Overview
This section explains how Restate is built today: a partitioned, log-centric runtime where events are synchronously replicated between Restate server nodes, and partition-processor state is periodically snapshotted to S3 for bounded, fast recovery. The description focuses on the current implementation and omits optional storage trade-offs.
Components
At a high level, Restate interposes a log-first runtime between clients and your handlers, with clear separation of ingress, durability, execution, and control.
Ingress
Ingress is the front door for client and internal calls, identifies the target service/handler and partition (via workflow ID, virtual-object key, or idempotency key), and forwards the call to the current leader of that partition. Ingress is leader-aware; when leadership changes due to failover or rebalancing, routing updates automatically without client involvement.Durable Log (“Bifrost”)
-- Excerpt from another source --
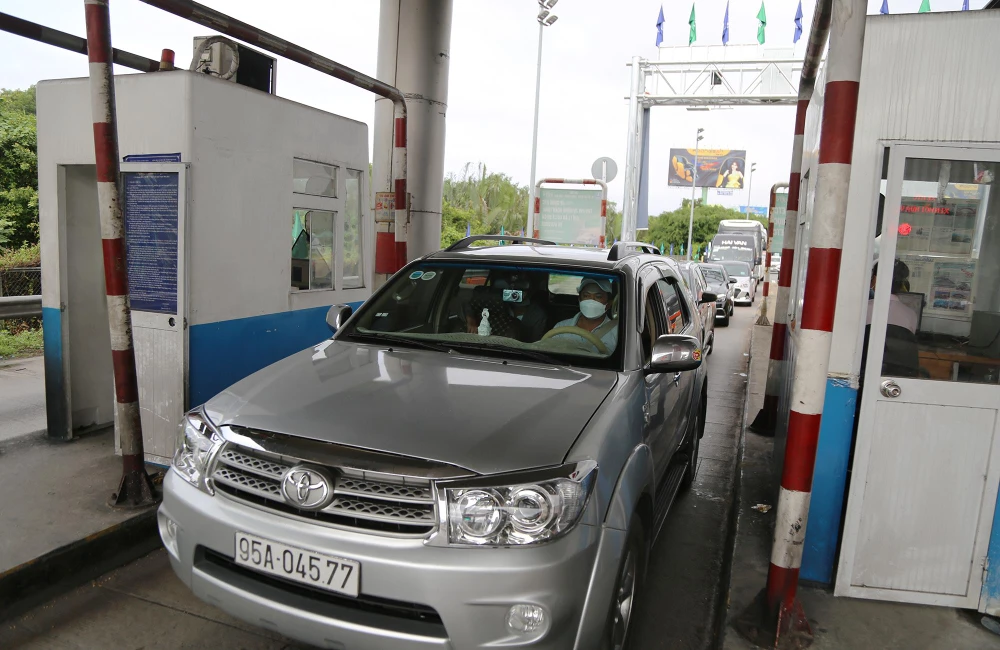 Xe cộ lưu thông hướng TP.HCM đi qua trạm thu phí một cách nhanh chóng.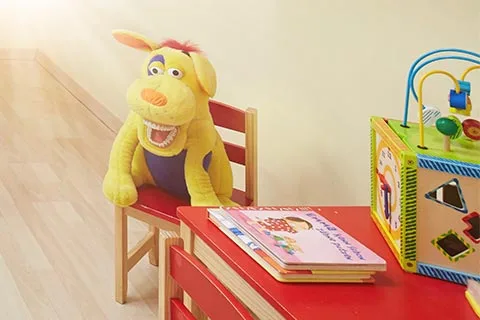 Plüschtier-Hund sitzt auf einem Kindersessel neben einem kleinen roten Tisch mit einem Stapel Kinderbücher und einem bunten Holzaktivitätsspielzeug.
The log is the primary durability layer. Each partition has a single sequencer/leader that orders events and replicates them to peer replicas on other Restate nodes. A write is committed when a quorum of replicas acknowledges the append. Restate uses a segmented virtual log: the active segment receives appends; reconfiguration seals the active segment and atomically publishes a new segment as the head. Segmentation enables clean and fast leadership changes, placement updates, and other reconfiguration without copying data.Partition Processor
Every partition has one processor leader (and optional followers). The processor tails the log, invokes your handler code via a bidirectional stream, and maintains a materialized state cache in an embedded RocksDB. This cache holds journals, idempotency metadata, key-scoped state for virtual objects, and timer indices—everything required for low-latency execution. Followers track the same state and can become leader quickly on failure.Control Plane
The control plane holds cluster metadata (configurations, partition placement, epochs, segment descriptors) behind a consensus interface (built-in Raft). A cluster controller manages log nodes and processors and initiates failover when health checks fail. Strong consensus is confined to this metadata layer, and the data path “borrows” consensus in the form of a leader/epoch configuration which the control plane revokes and re-assignes upon failover, rebalancing, and other reconfigurations.Durability and storage model
The system treats the replicated log as ground truth and uses S3-backed snapshots to bound recovery time without introducing a second source of truth.
Hot-path durability
An operation “happens” when the partition leader appends its record to the log and receives quorum acks. That commit point defines the durable order of invocations, steps, state updates, messages, timers, and completions.Materializing state for fast access
The processor leader maintains a full cache of the partition’s materialized state in RocksDB for fast random reads and updates during execution. This cache is derivative—it can always be rebuilt from the log—and is not a second source of truth. In typical configurations, partitions also have processor followers, which maintain a materialization of the partition state, for fast failover.Recovery bounded by snapshots
Processors create periodic snapshots of RocksDB and upload them to S3 . On restart or takeover, a fresh partition processor can download the latest snapshot and replays the log suffix since the snapshot’s sequence number. After a snapshot is durably stored on S3, the log can trim entries up to the snapshot point to cap local storage and replay cost. Partition processors pull the snapshots only when they were not previously leader or follower and need to bootstrap a new copy of the partition state.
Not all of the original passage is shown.